Обсуждение: Improve rowcount estimate for UNNEST(column)

Поиск
Список
Период
Сортировка

Improve rowcount estimate for UNNEST(column)

От
Paul A Jungwirth
Дата:
Hello,

Here is a patch to improve rowcount estimates for
`UNNEST(some_array_column)`. Today we hard code this to 10, but we
have statistics about array size, so it's easy to use them.

I've seen plans where this would make a difference. If the array has
only 1 or 2 elements, then overestimating the rowcount by 10 leads to
unnecessary seqscans downstream. I can see how an underestimate would
cause issues too.

This patch builds on a391ff3c3d41 which allowed set-returning
functions like UNNEST to include a support function to estimate their
result count. (There is a nice writeup at
https://www.cybertec-postgresql.com/en/optimizer-support-functions/)
But that patch only changes UNNEST if it has a Const or ArrayExpr
argument.

The statistic I'm using is the last value in the DECHIST array, which
is the average number of distinct elements in the array. Using the
plain (non-distinct) element count would be more accurate, but we
don't have that, and using distinct elements is still better than a
hardcoded 10.

The real change is in estimate_array_length, which has several callers
besides array_unnest_support, but I think this change should give more
accurate estimates for all of them.

There is a comment that estimate_array_length must agree with
scalararraysel. I don't think this commit introduces any
discrepancies. The most relevant case there is `scalar = ANY/ALL
(array)`, which also consults DECHIST (and/or MCELEM).

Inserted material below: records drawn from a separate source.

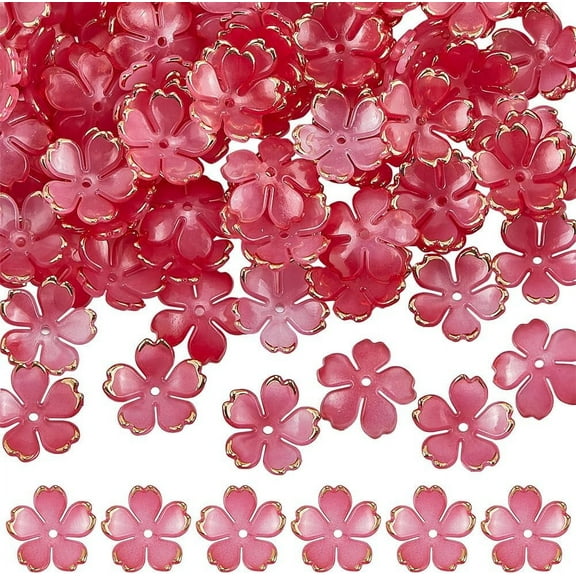 1 Box 200pcs Plastic Flower Bead Caps Acrylic Bead Caps Cerise Red Clear Gradient Spring Flowers Sakuras Spacer Bead Bulk for Jewelry Making Friendship Graduation Decorations DIY Crafts for making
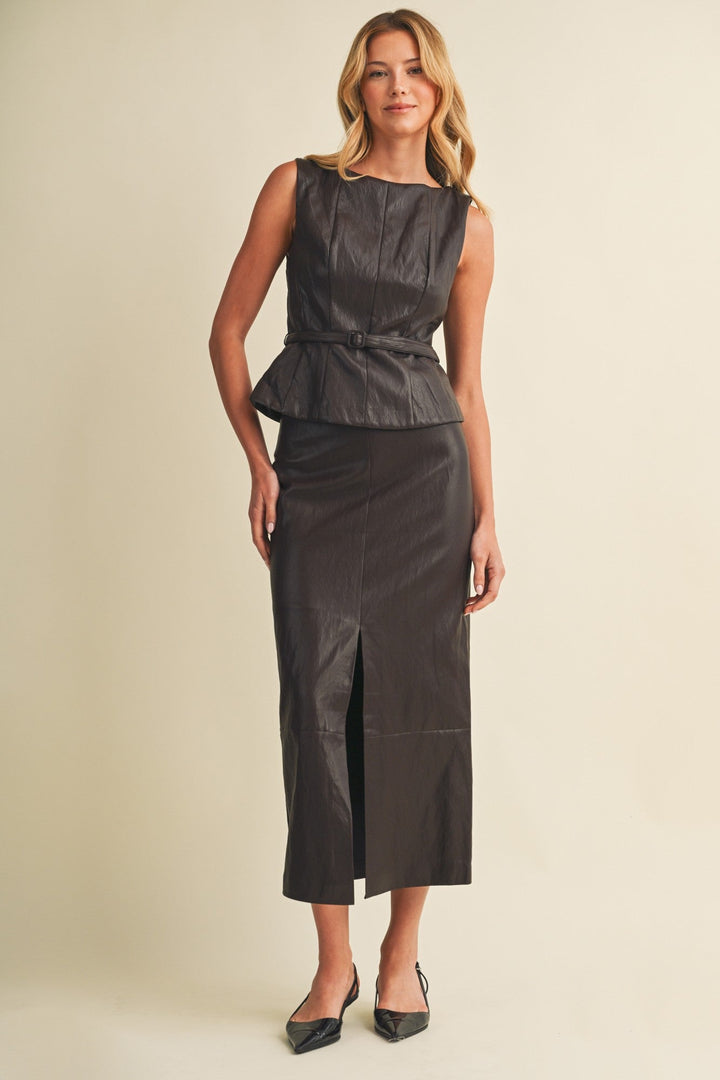 Lou peplum top in brown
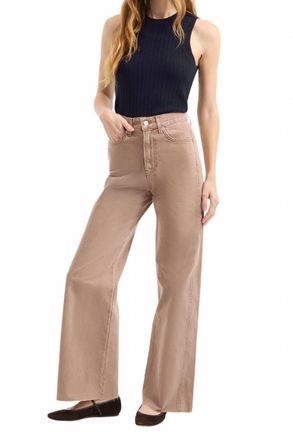 Veronica Beard Taylor Wide Leg Jean In Tan Sierra
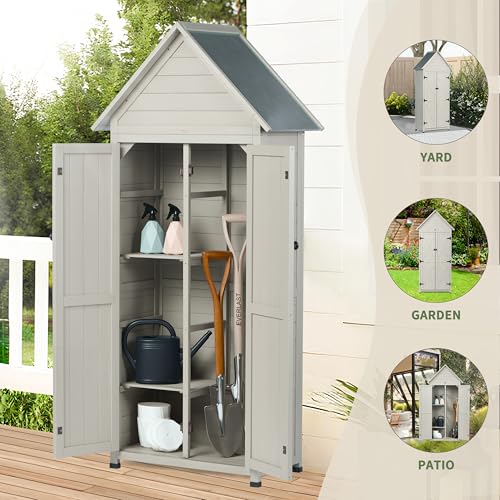 Outdoor Storage Shed with Floor and Adjustable Shelves D415352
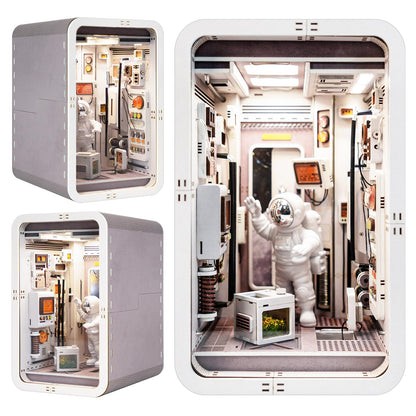 Joohour DIY Book Nook Kit, Dollhouse Miniature, Booknook Bookshelf Insert Decor Alley 3D Wooden Puzzle, Bookends Model Building Kit with LED Light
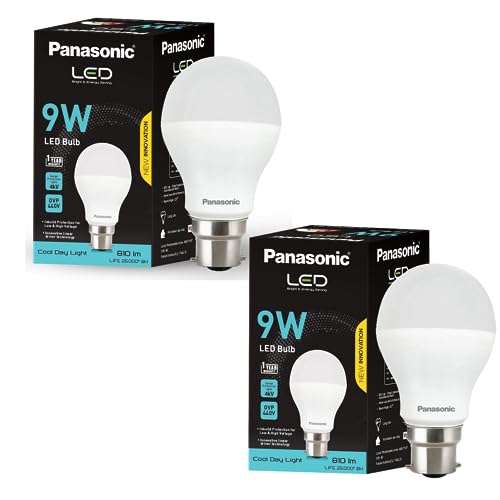 Panasonic 9 Watt LED Bulb, B22 Base 9W Bulb Light for Home, 25000+ BH with 1 Year Warranty, 6500K Cool Day Bulb (Pack of 2)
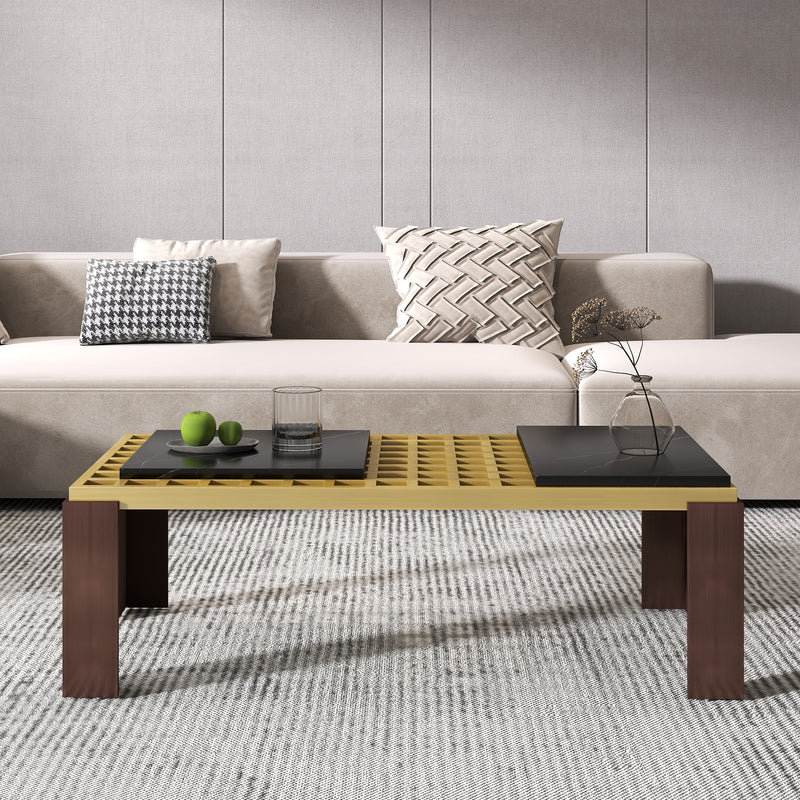 Modern Coffee Table with Artificial Marble Tops, Stainless Steel Grid, and Iron Legs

I wasn't sure where to put a test. I finally settled on arrays.sql
since (1) that has other UNNEST tests (2) array_unnest_support is in
util/adt/arrayfuncs.c (3) I couldn't find a place devoted to
rowcount/selectivity estimates. I'm happy to move it if someone has a
better idea!

Based on 712dc2338b23.

Yours,

--
Paul              ~{:-)
pj@illuminatedcomputing.com

Вложения

Re: Improve rowcount estimate for UNNEST(column)

От
Laurenz Albe
Дата:
On Sat, 2023-11-25 at 09:19 -0800, Paul A Jungwirth wrote:
> Here is a patch to improve rowcount estimates for
> `UNNEST(some_array_column)`. Today we hard code this to 10, but we
> have statistics about array size, so it's easy to use them.
>
> I've seen plans where this would make a difference. If the array has
> only 1 or 2 elements, then overestimating the rowcount by 10 leads to
> unnecessary seqscans downstream. I can see how an underestimate would
> cause issues too.

The idea sounds good to me.
I didn't test or scrutinize the code, but I noticed that you use
EXPLAIN in the regression tests.  I think that makes the tests vulnerable
to changes in the parameters or in the block size.
Perhaps you can write a function that runs EXPLAIN and extracts just the
row count.  That should be stable enough.

Yours,
Laurenz Albe



Re: Improve rowcount estimate for UNNEST(column)

От
Tom Lane
Дата:
Laurenz Albe <laurenz.albe@cybertec.at> writes:
> On Sat, 2023-11-25 at 09:19 -0800, Paul A Jungwirth wrote:
>> Here is a patch to improve rowcount estimates for
>> `UNNEST(some_array_column)`. Today we hard code this to 10, but we
>> have statistics about array size, so it's easy to use them.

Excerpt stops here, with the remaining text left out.